I have a query that returns data which is in rows and I need to change the results so the results are in columns and not rows. I have done research and found this article which has a dynamic query that can be used but it doesn't seem my situation will be able to use that solution. That solution seemed to rely on each row having a unique name that could be used as a column name, I don't have that.
My data contains customer records of the visits a customer has had to our facility. Some customers will only see us once and some will see us many times in the same time span, so we have no way of predicting how many visits per customer we will have in a given time period. Note ID 10219 has only one visit, 5180 has 3 and there are many for 5199.
ID Task Visit Date RF Score PF Score
10219 Follow Up Visit 12/26/2013 1 6
5180 Initial Visit 6/9/2011 3 9
5180 Follow Up Visit 7/8/2011 3 10
5180 Follow Up Visit 9/2/2011 1 10
5199 Follow Up Visit 9/15/2011 2 7
5199 Follow Up Visit 9/8/2011 5 6
5199 Follow Up Visit 10/27/2011 4 7
5199 Follow Up Visit 10/20/2011 2 4
5199 Follow Up Visit 10/13/2011 4 8
5199 Follow Up Visit 11/17/2011 3 4
5199 Follow Up Visit 11/10/2011 2 5
5199 Follow Up Visit 11/3/2011 3 3
With data that is structured like this does anyone know how to convert these rows to columns dynamically even though I don't know how many columns will be needed?
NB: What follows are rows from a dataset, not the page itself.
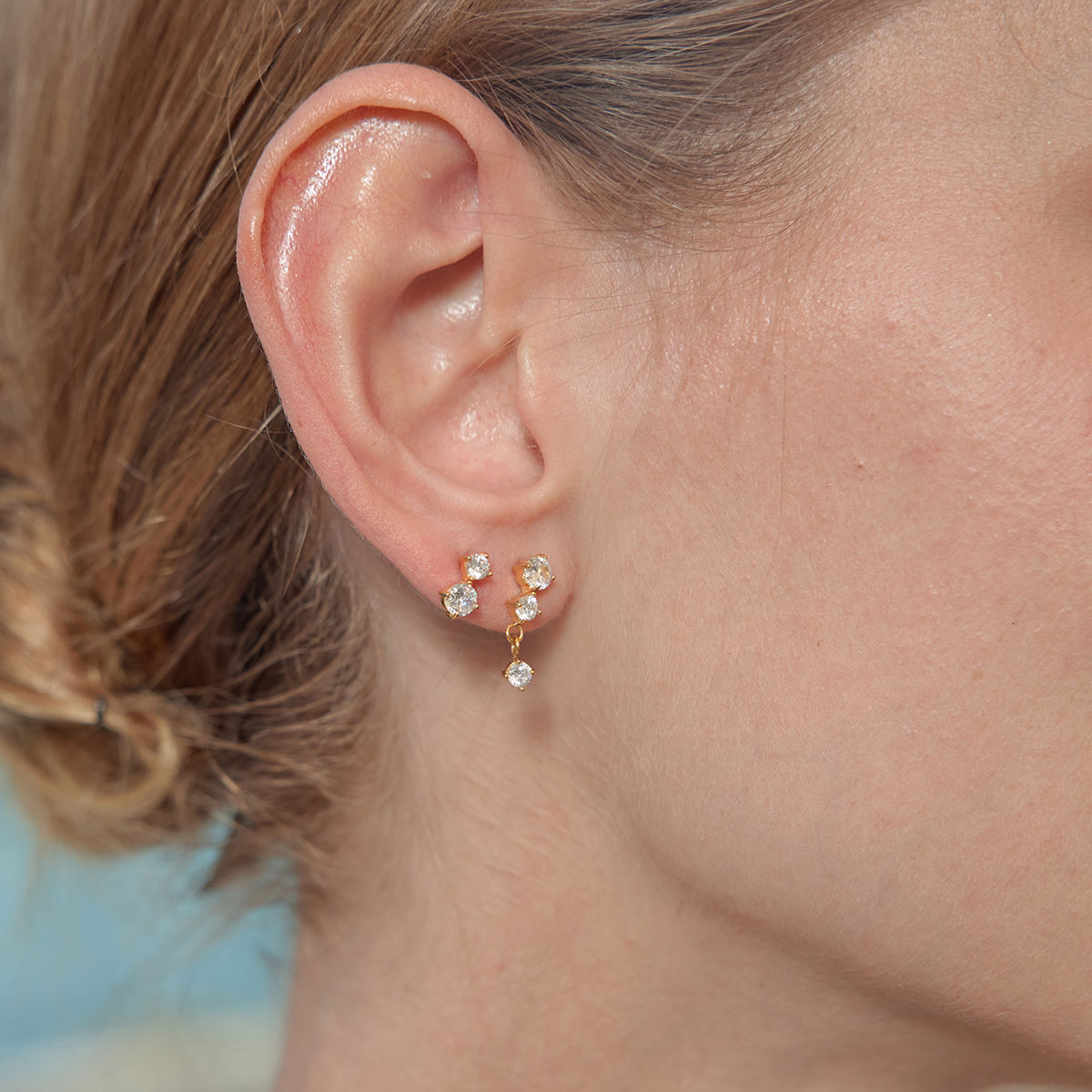 Demeter Eos Stud Set | Gold Zircon Stud Earrings
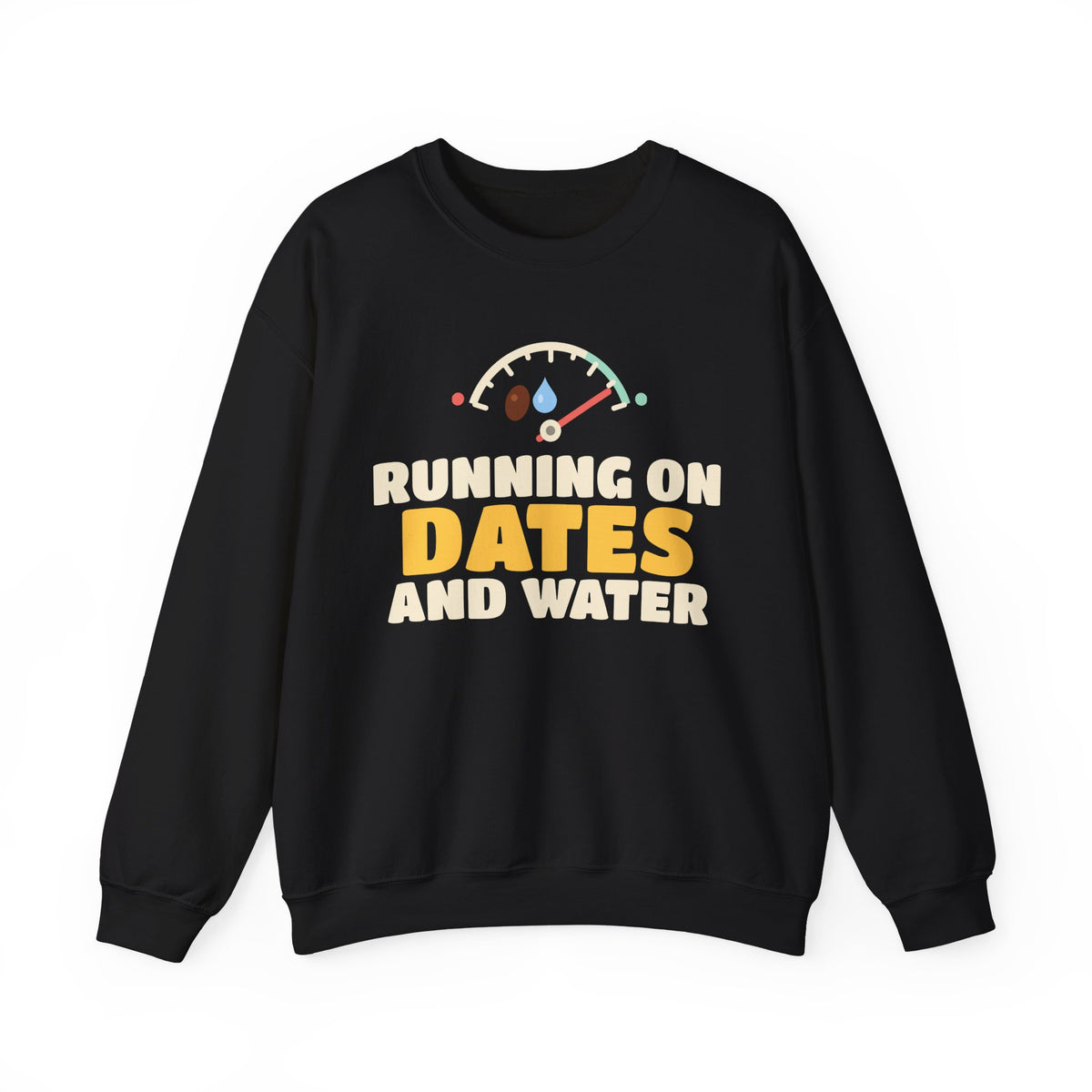 Running On Dates And Water Ramadan Crewneck Sweatshirt in Black – AdabStars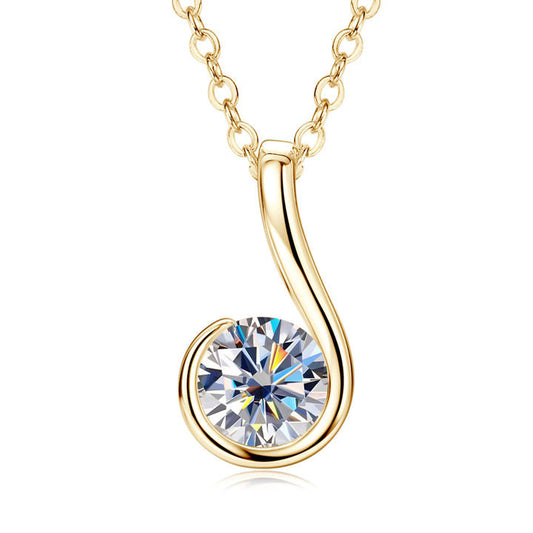 Luxury 925 Sterling Silver Solitaire Round 1CT D Color Diamond Moissanite Stone Teardrop Pendant Necklaces for Women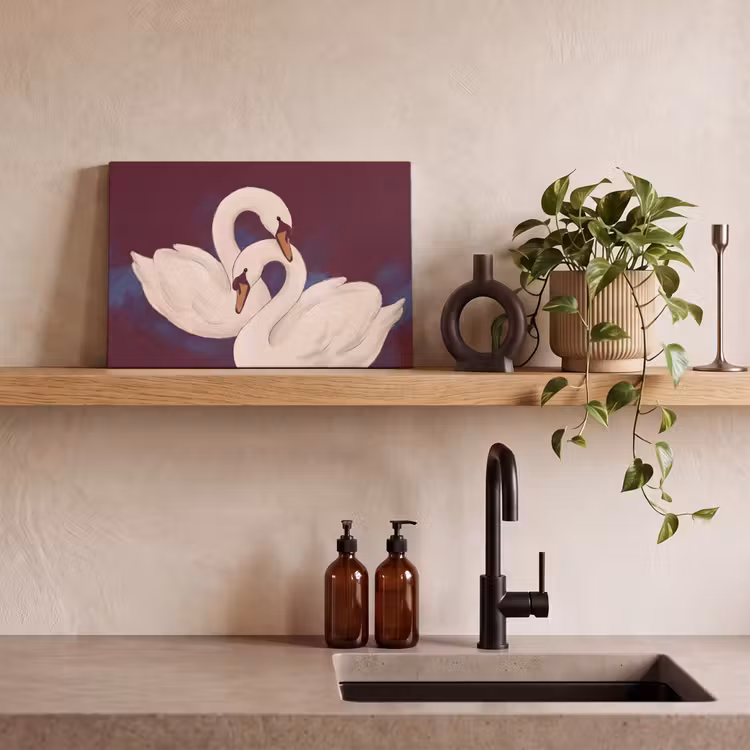 Canvas schilderij - Vogel - Koppel - Liefde - Abstract - Wit — 2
EDIT: the final result should look like this:
ID Task1 Visit Date1 RF Score1 PF Score1 Task2 Visit Date2 RF Score2 PF Score2 Task3 Visit Date3 RF Score3 PF Score3
5180 Initial Visit 6/9/2011 3 9 Follow Up Visit 7/8/2011 3 10 Follow Up Visit 9/2/2011 1 10

The solution that you link to would work for your case but you have to adjust it slightly because you want to pivot on multiple columns of data. Since you need to pivot multiple columns, then you first will want to unpivot your Visit Date, Task, Rf Score and Pf Score columns into multiple rows, then apply the pivot function. Besides the process of unpivoting, I would also suggest using a windowing function like row_number to generate a unique sequence for each id with date.
You will start your query by using the following:
select id, task, [visit date], [rf score], [pf score],
row_number() over(partition by id
order by [visit date]) seq
from yourtable
See SQL Fiddle with Demo. This creates a number that will be used to associate each value in Visit Date, Task, Rf Score and Pf Score with the actual number of the visit.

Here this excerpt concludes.